GEN: What does a company need to do to survive the current economic turmoil?
Conway: Above all else, pragmatic leadership—this plus strategic agility and dexterous implementation capabilities. Companies caught dwelling on scenarios of the past, hoping for a near-term return to the previous status quo will likely be the first to succumb to the current economic maladies.
Masterson: For companies to survive the current recession they should take a tip from Charles Darwin who wrote in The Origin of Species: “It is not the strongest species that survive or the most intelligent, but the ones who are most responsive to change.” Adverse macroeconomic conditions reduce the survival chances of businesses in the same way that bad weather limits biodiversity. Darwin, who cleared a patch of soil to observe its colonization by native plants, wrote: “Periodic seasons of extreme cold or drought seem to be the most effective of all checks on the number of species.”
Biotech companies will be caught up in similar circumstances because many are in a weakened state to begin with. The weakest will succumb first. Many companies that have weak balance sheets, poor patent positions, and few products will be forced to close their doors and sell their assets at fire-sale prices. Government grant money may help some companies maintain their science-based endeavors at a crawl, and a reduced head-count will certainly be seen in many companies.
A conscious strategy will win the day as companies learn to adapt and provide innovations that give them dominance within their environment. In Darwin’s book, he writes of the relative profitability of adaptations while describing habitats as economies.
Darwin’s great insight was that species retain randomly occurring new features that improve their survival—hence, evolution.
The biotech community was birthed in the late 70s on the back of several very important breakthroughs in biological tools. Thirty years later, the tools needed to provide new evolutionary breakthroughs were most likely sitting in the minds of computer scientists who understand genetics. We need a quantum leap now to create products and services that don’t exist.
Traditional sales and marketing approaches will need to be modified to focus on the healthcare consumer. Personalized medicine is now embraced as significant by pharma, but it does not support the blockbuster model of the last 25 years. If the industry fails to change, it will become history and will be absorbed into the larger companies that have the staying power to withstand the worst markets in several decades. Innovation will be necessary to attract capital, partnerships, and create products.
Novartis (NVS) and Roche (ROG) exemplify the resilience of the European pharmaceutical sector in turbulent times. Pricing, product, and patents remain three very relevant issues, which will be watched carefully by analysts. Their appeal comes from their strong product pipelines, cost controls, and cuts that were necessary. Of course, Novartis has the Chiron pipeline and Roche will likely soon have the Genentech (DNA) cancer franchise—evolution again.
Mehta: Get closer to one’s knitting behind a clear management vision and best people, including a recognition that we will get paid a fair price for the value our products add and no longer just any price that the market has borne to date!
At the same time, management teams need to develop globally integrated strategies with a more complete and perhaps a bit bolder vision of the way the world may evolve over the horizon when a company’s products mature. For example, a typical collaboration or partnership should not underestimate the potential opportunities outside the U.S., including the emerging markets. Similarly, cost structures should be refined with a fuller understanding of the benefits to be derived from global R&D, as well as manufacturing resources. Such insights can redefine the company strategy and improve the probability of success.

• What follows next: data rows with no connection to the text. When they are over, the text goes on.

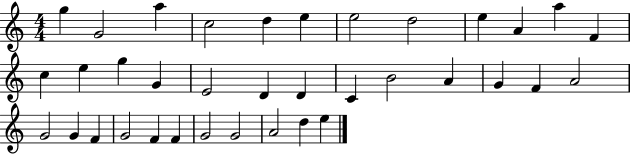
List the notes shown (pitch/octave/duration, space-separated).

G5/q G4/h A5/q C5/h D5/q E5/q E5/h D5/h E5/q A4/q A5/q F4/q C5/q E5/q G5/q G4/q E4/h D4/q D4/q C4/q B4/h A4/q G4/q F4/q A4/h G4/h G4/q F4/q G4/h F4/q F4/q G4/h G4/h A4/h D5/q E5/q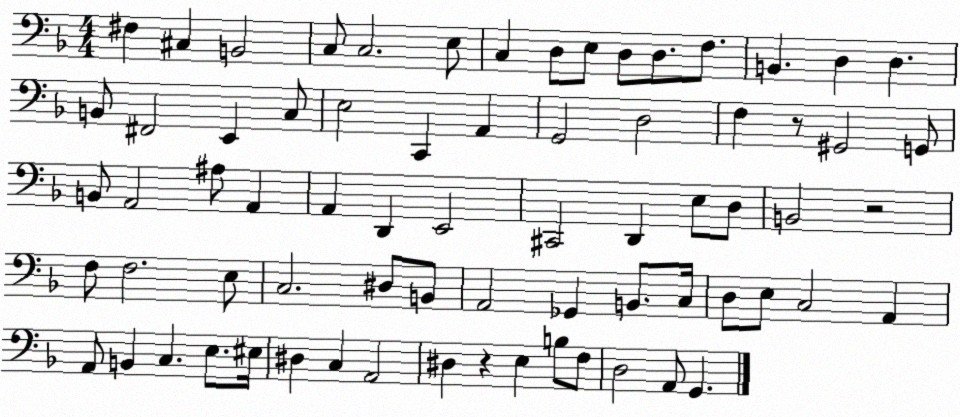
X:1
T:Untitled
M:4/4
L:1/4
K:F
^F, ^C, B,,2 C,/2 C,2 E,/2 C, D,/2 E,/2 D,/2 D,/2 F,/2 B,, D, D, B,,/2 ^F,,2 E,, C,/2 E,2 C,, A,, G,,2 D,2 F, z/2 ^G,,2 G,,/2 B,,/2 A,,2 ^A,/2 A,, A,, D,, E,,2 ^C,,2 D,, E,/2 D,/2 B,,2 z2 F,/2 F,2 E,/2 C,2 ^D,/2 B,,/2 A,,2 _G,, B,,/2 C,/4 D,/2 E,/2 C,2 A,, A,,/2 B,, C, E,/2 ^E,/4 ^D, C, A,,2 ^D, z E, B,/2 F,/2 D,2 A,,/2 G,,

Last, but perhaps most important, is the need for a renewed focus on truly new scientific opportunities for sustainable value creation. Though near-term life-cycle management opportunities should not be overlooked, they should be understood as such for their one-time and limited value creation potential and the greater risk they face from external value-police.

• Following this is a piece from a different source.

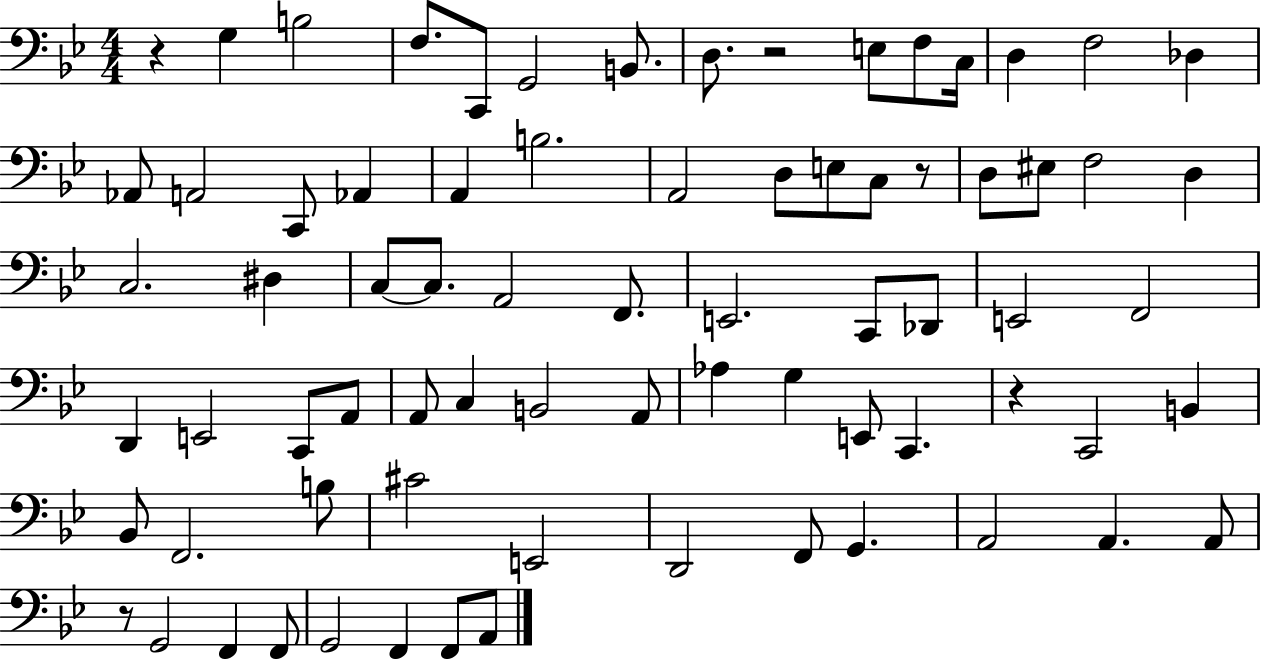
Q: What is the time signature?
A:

Sullivan: Remember, large life science tools companies like lab suppliers have reasonably stable revenue bases and usually carry little financial leverage. For them, survival is not an issue in today’s economy, it’s just a matter of how to best weather this storm. Size is an advantage; customers will often decide to consolidate their business with large vendors who can still afford to develop new products and service their clients.
We’d advise these larger tools companies to stick to their long-term growth plans, but take care to be sufficiently conservative in projecting their business and in controlling their discretionary costs. We would also encourage these companies to be prepared to take advantage of acquisition opportunities that may present themselves as their smaller competitors are pressured.
Finally, those life science tools companies that sell capital equipment are naturally going to have to be more careful and conservative in their spending than companies that sell consumable products; capital equipment is especially difficult to sell in today’s uncertain environment.
For small and unprofitable life sciences companies, including those emerging biotechnology companies with their most advanced drug candidates in preclinical or clinical testing, the story is decidedly more challenging. These companies have to cut costs dramatically while looking for opportunities to extend their financial flexibility through licensing or partnering activities.
Management teams from these companies must make decisions to ensure the survival of the company. Cutting early-stage discovery programs to continue to feed development activities closer to monetization is one likely necessity, and partnering attractive drug candidates to cut financial risk is another.